-- Recorded data --
Segment Open

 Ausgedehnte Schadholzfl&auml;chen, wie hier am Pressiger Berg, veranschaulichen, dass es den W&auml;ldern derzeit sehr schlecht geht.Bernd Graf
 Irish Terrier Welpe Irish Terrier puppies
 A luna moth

Segment Closed
Segment Open

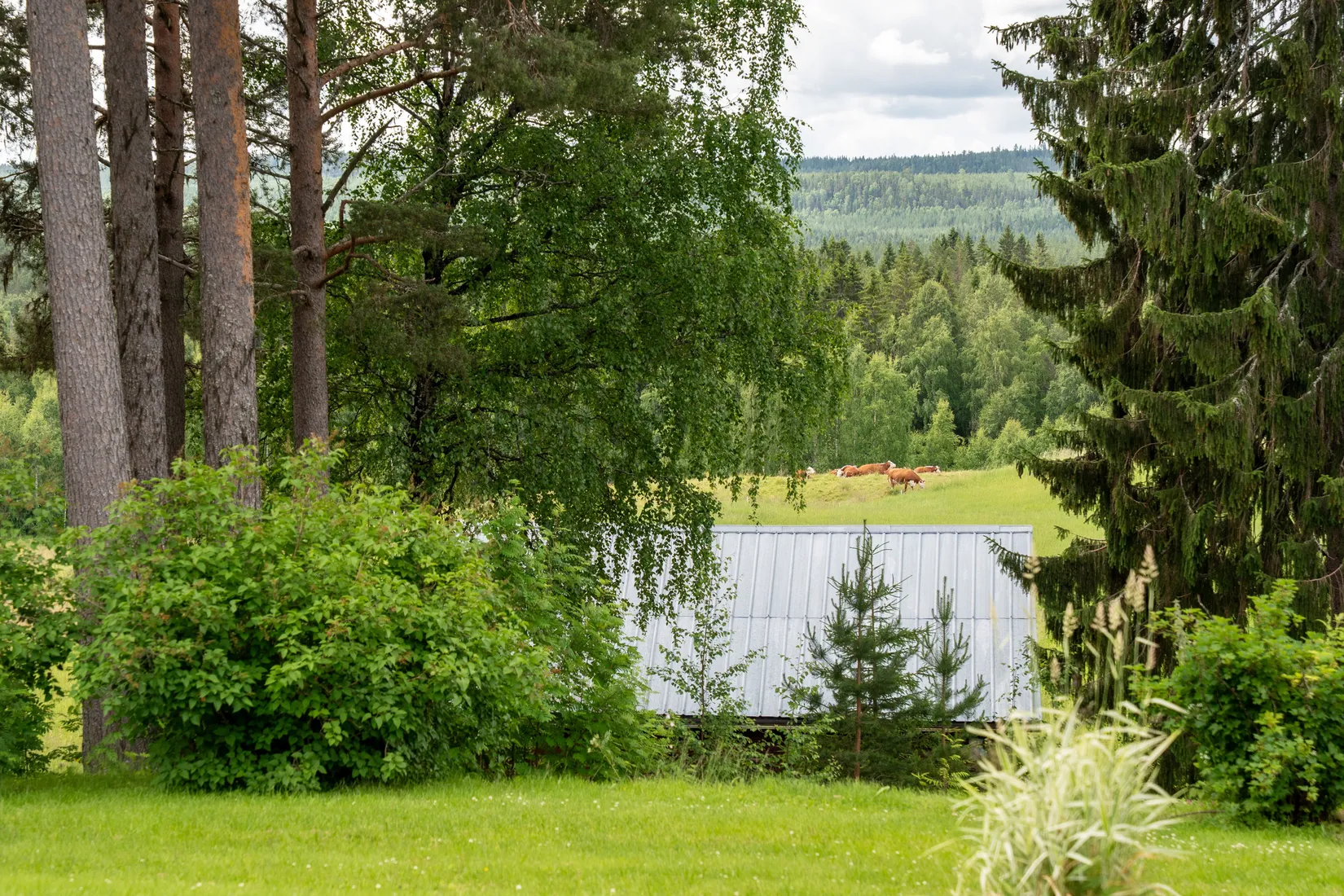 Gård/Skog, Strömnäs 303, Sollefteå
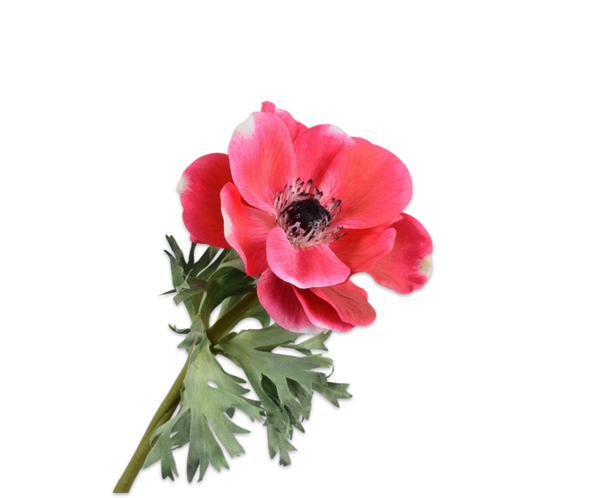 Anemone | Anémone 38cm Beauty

Segment Closed

Once you find the line with "Ausgedehnte Schadholzfl&auml;chen, wie" in the entries above, output it and each line after it up to and including the line with "A luna moth", and nothing else.

 Ausgedehnte Schadholzfl&auml;chen, wie hier am Pressiger Berg, veranschaulichen, dass es den W&auml;ldern derzeit sehr schlecht geht.Bernd Graf
 Irish Terrier Welpe Irish Terrier puppies
 A luna moth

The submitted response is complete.